In the eighties, between cutting lunches, doing school projects and running a family, Bronwyn set out on the long and difficult road to re-establish herself as a writer. She gradually became a regular contributor to an array of magazines and publications, most notably the Sydney Morning Herald and Parents Magazine. Under the popular pseudonym, Frances Storm, she wrote a regular light-hearted column on the trials of being a mother for local publication Sydney’s Child. In 1994 she became Bronwyn Donaghy, author, with her first book, Two and a Half Wishes, a children’s story. Shortly afterwards came a turning point in her career, the best selling book based on a real life tragedy, Anna’s Story, about teenage ecstacy victim Anna Wood. This was followed by commissioned works on adolescent health issues, Leaving Early and Unzipped, published with the support of the NSW Centre for the Advancement of Adolescent Health at the New Children’s Hospital, Westmead, NSW.  Her entertaining and common sense approach earned her an invitation to sit on the Advisory Board of this group, a professional writer among health professionals.
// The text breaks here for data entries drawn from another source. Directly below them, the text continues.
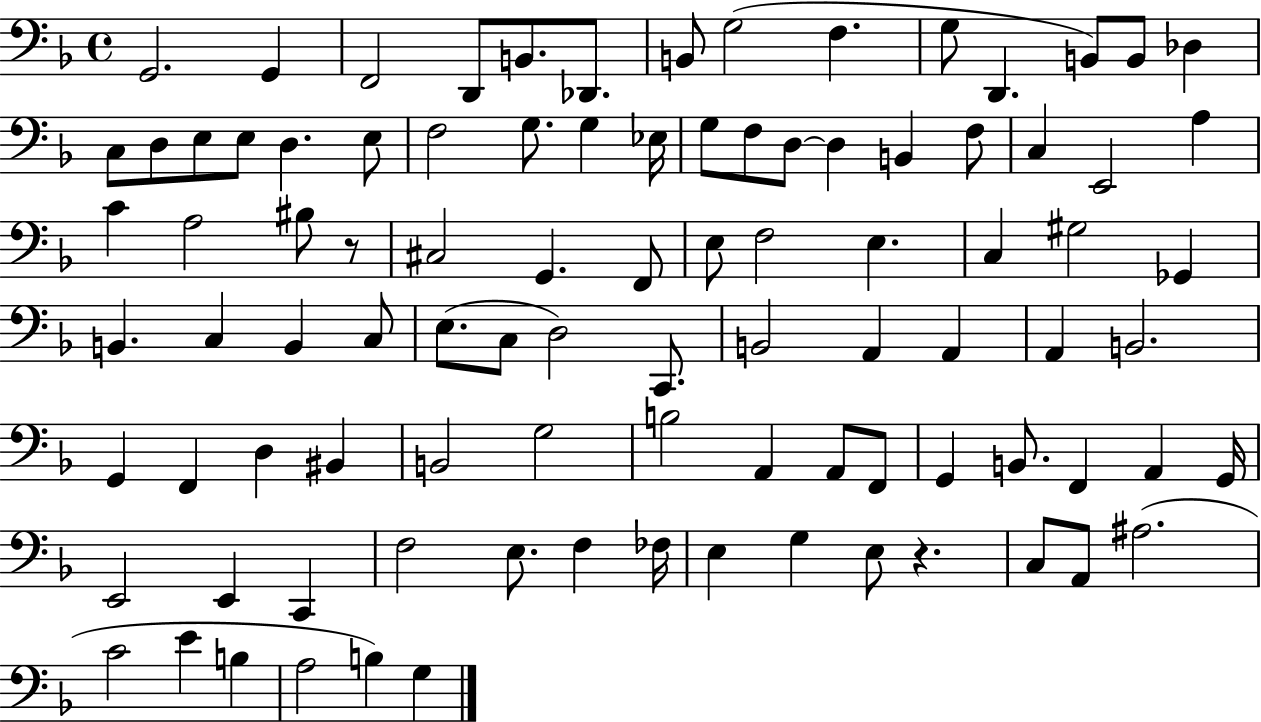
X:1
T:Untitled
M:4/4
L:1/4
K:F
G,,2 G,, F,,2 D,,/2 B,,/2 _D,,/2 B,,/2 G,2 F, G,/2 D,, B,,/2 B,,/2 _D, C,/2 D,/2 E,/2 E,/2 D, E,/2 F,2 G,/2 G, _E,/4 G,/2 F,/2 D,/2 D, B,, F,/2 C, E,,2 A, C A,2 ^B,/2 z/2 ^C,2 G,, F,,/2 E,/2 F,2 E, C, ^G,2 _G,, B,, C, B,, C,/2 E,/2 C,/2 D,2 C,,/2 B,,2 A,, A,, A,, B,,2 G,, F,, D, ^B,, B,,2 G,2 B,2 A,, A,,/2 F,,/2 G,, B,,/2 F,, A,, G,,/4 E,,2 E,, C,, F,2 E,/2 F, _F,/4 E, G, E,/2 z C,/2 A,,/2 ^A,2 C2 E B, A,2 B, G, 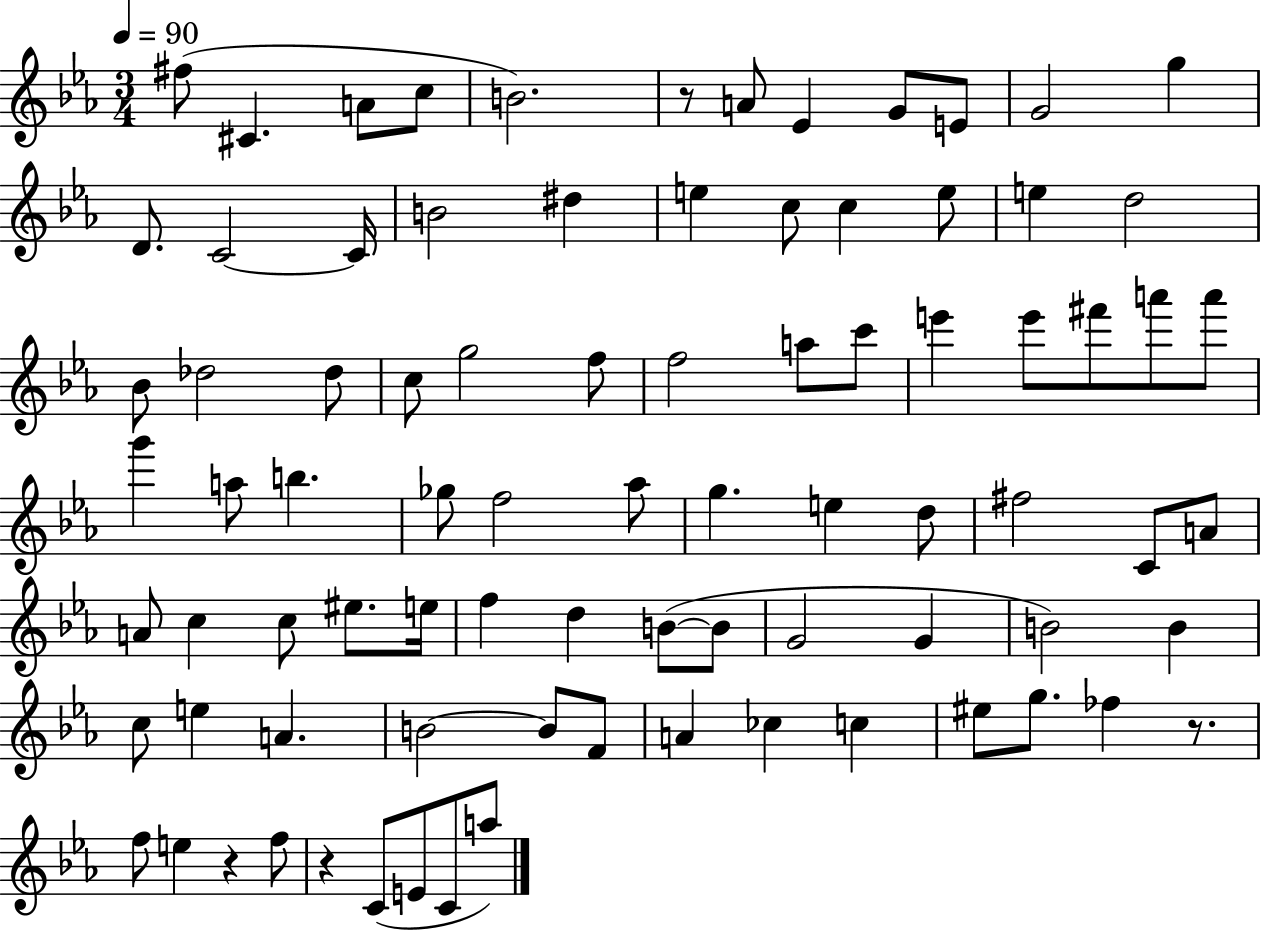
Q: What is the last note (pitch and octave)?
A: A5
She remained on the board until her death. In this period she also published an immensely entertaining chronicle of parenting adventures, Keeping Mum, a compendium of her Sydney’s Child columns.

Once again her lifelong ambition to write an adult novel was upstaged by her other passions, speaking and the well-being of tomorrow’s adults. She became Bronwyn Donaghy, motivational speaker, at schools, parent gatherings and conferences all over Australia. Her talks combined pithy and witty observations of parenting with her own intuitive practicality and humour, and her research into drugs, depression and sexuality among teenagers.  Her technical knowledge was based equally on her unusual ability to talk on their own level to both medical specialists and typical teenagers, including her own. With her innate talents in drama, humour and story telling, Bronwyn could capture her audience’s full attention for up to two hours at a time. Bookings had to be made over 6 months in advance because of the popularity of her sessions. Bronwyn’s family and close friends are still often approached by strangers who realised that they had heard her speak or read her books, to tell them how she touched their lives.

Marie Lou (ML)
Marie Lou (ML)

At the beginning of 1999, Bronwyn’s close friend Marie Lou, pictured, known and loved by all their children as Lulu, died of cancer after a five year battle.
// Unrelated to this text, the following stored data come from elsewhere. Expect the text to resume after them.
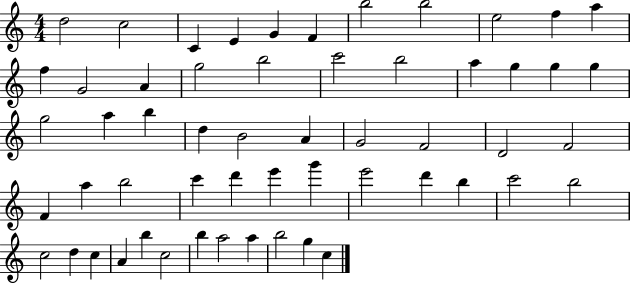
{
  \clef treble
  \numericTimeSignature
  \time 4/4
  \key c \major
  d''2 c''2 | c'4 e'4 g'4 f'4 | b''2 b''2 | e''2 f''4 a''4 | \break f''4 g'2 a'4 | g''2 b''2 | c'''2 b''2 | a''4 g''4 g''4 g''4 | \break g''2 a''4 b''4 | d''4 b'2 a'4 | g'2 f'2 | d'2 f'2 | \break f'4 a''4 b''2 | c'''4 d'''4 e'''4 g'''4 | e'''2 d'''4 b''4 | c'''2 b''2 | \break c''2 d''4 c''4 | a'4 b''4 c''2 | b''4 a''2 a''4 | b''2 g''4 c''4 | \break \bar "|."
} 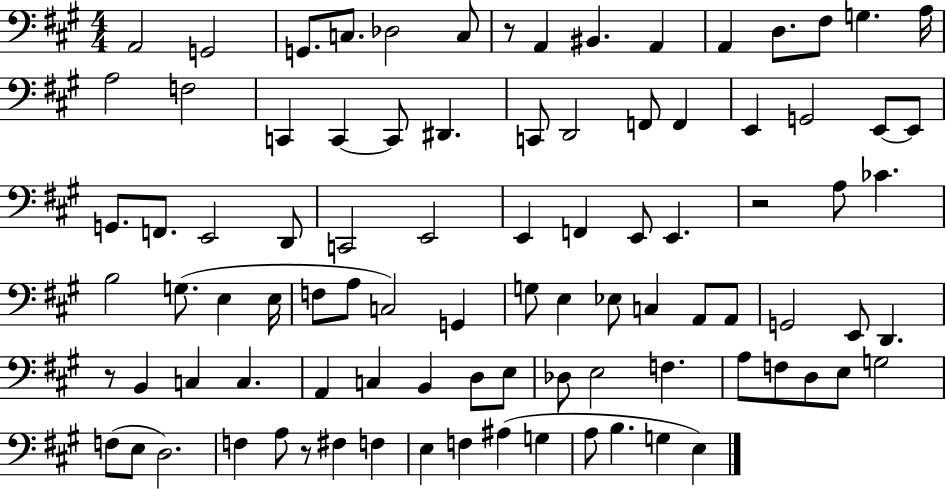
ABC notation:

X:1
T:Untitled
M:4/4
L:1/4
K:A
A,,2 G,,2 G,,/2 C,/2 _D,2 C,/2 z/2 A,, ^B,, A,, A,, D,/2 ^F,/2 G, A,/4 A,2 F,2 C,, C,, C,,/2 ^D,, C,,/2 D,,2 F,,/2 F,, E,, G,,2 E,,/2 E,,/2 G,,/2 F,,/2 E,,2 D,,/2 C,,2 E,,2 E,, F,, E,,/2 E,, z2 A,/2 _C B,2 G,/2 E, E,/4 F,/2 A,/2 C,2 G,, G,/2 E, _E,/2 C, A,,/2 A,,/2 G,,2 E,,/2 D,, z/2 B,, C, C, A,, C, B,, D,/2 E,/2 _D,/2 E,2 F, A,/2 F,/2 D,/2 E,/2 G,2 F,/2 E,/2 D,2 F, A,/2 z/2 ^F, F, E, F, ^A, G, A,/2 B, G, E,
Less than six months later Bronwyn was found to have a blood disorder, later diagnosed as aplastic anaemia, a failure of the bone marrow to reproduce red blood cells and platelets from the parent cells. She continued to work with unabated zeal, finally setting out to fulfill her main remaining dream, the Great Australian Novel. In December 2001 the manuscript was finally completed.  Small Acts of Kindness was Bronwyn’s crowning achievement, something that brought her more joy than even she could explain. As soon as it was finished, like the grim reaper waiting patiently in the wings, her condition deteriorated and she began hospital treatment.

For nearly seven months in 2002 Bronwyn was transfusion dependent. Although she was able to continue working between hospital visits and bouts of pain and illness, her condition did not respond to treatment and many engagements had to be cancelled. She was preparing for a bone marrow transplant when her defences to internal bleeding finally gave up.

Bronwyn Donaghy died on the 23 July, 2002, just two weeks after an acclaimed keynote address at the AHISA conference in Brisbane. See Her Last Year.   Small Acts of Kindness  was published by HarperCollins in August 2003.